*** AVAILABLE DATA ***
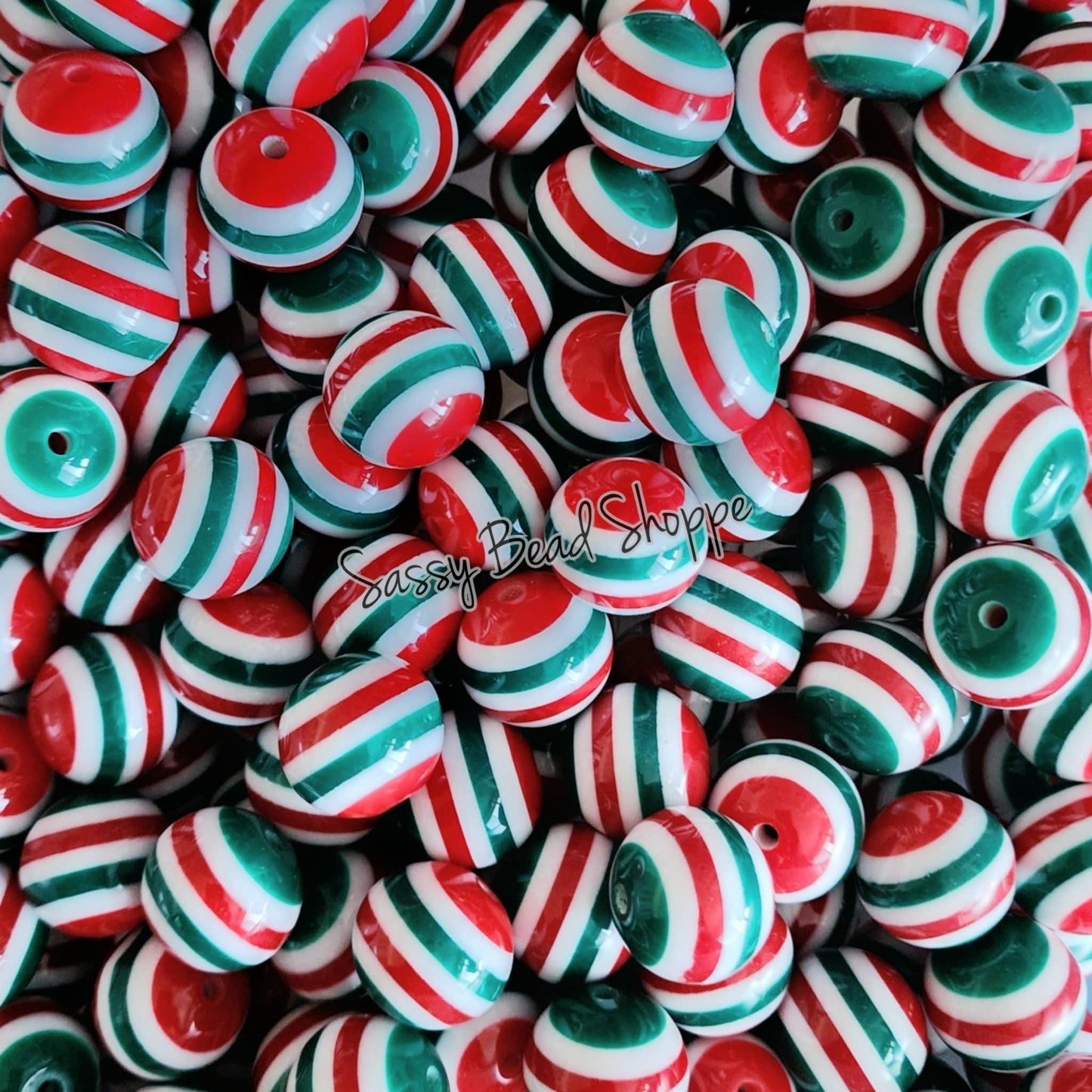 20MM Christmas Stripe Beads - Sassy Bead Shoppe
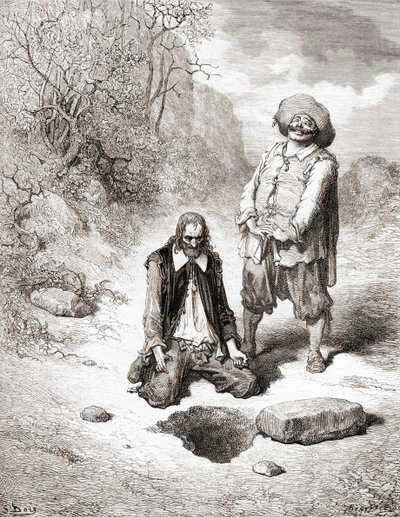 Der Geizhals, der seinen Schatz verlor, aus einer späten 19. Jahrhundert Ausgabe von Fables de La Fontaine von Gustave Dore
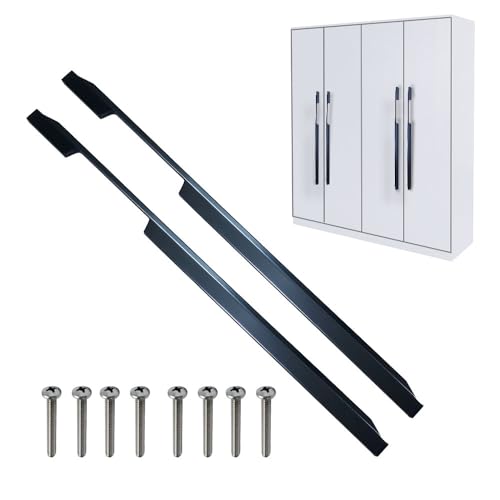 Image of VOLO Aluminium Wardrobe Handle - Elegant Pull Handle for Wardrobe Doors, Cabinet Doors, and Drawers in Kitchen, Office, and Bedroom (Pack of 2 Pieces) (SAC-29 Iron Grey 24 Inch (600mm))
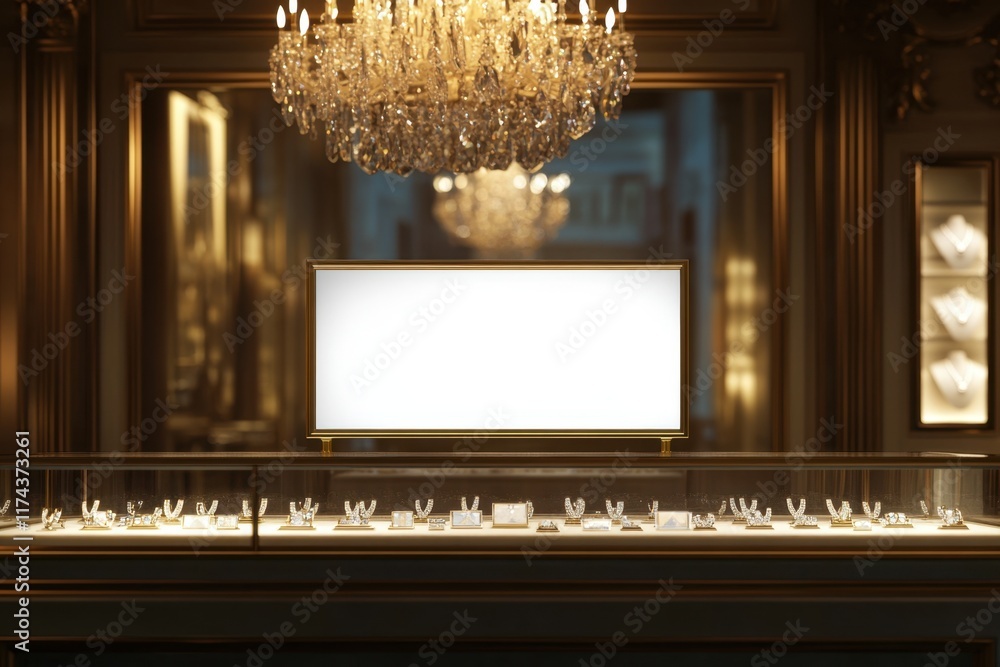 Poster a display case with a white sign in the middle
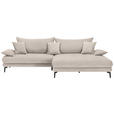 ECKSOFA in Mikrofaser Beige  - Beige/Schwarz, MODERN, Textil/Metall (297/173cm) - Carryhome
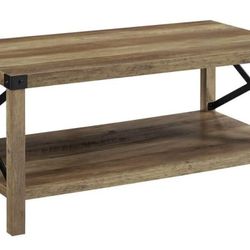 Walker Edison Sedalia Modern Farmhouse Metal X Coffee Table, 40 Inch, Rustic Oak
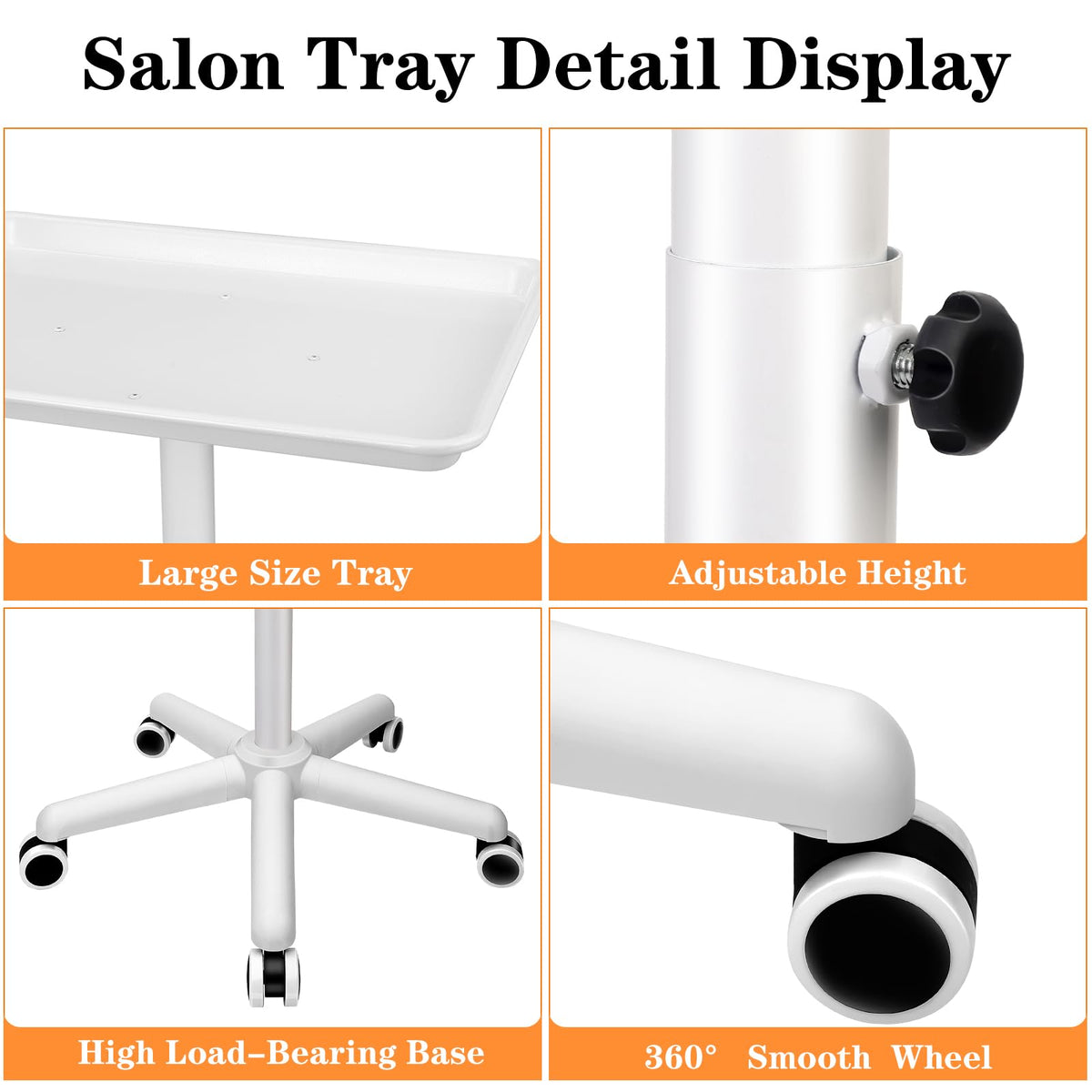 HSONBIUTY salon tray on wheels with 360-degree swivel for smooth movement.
*** End of AVAILABLE DATA ***
ASSIGNMENT.
When you reach the line that has "Image of VOLO" in the data above, start repeating lines exactly, and stop after the line that has "ECKSOFA in Mikrofaser"; pictures stay out.

RESPONSE BELOW.
 Image of VOLO Aluminium Wardrobe Handle - Elegant Pull Handle for Wardrobe Doors, Cabinet Doors, and Drawers in Kitchen, Office, and Bedroom (Pack of 2 Pieces) (SAC-29 Iron Grey 24 Inch (600mm))
 Poster a display case with a white sign in the middle
 ECKSOFA in Mikrofaser Beige  - Beige/Schwarz, MODERN, Textil/Metall (297/173cm) - Carryhome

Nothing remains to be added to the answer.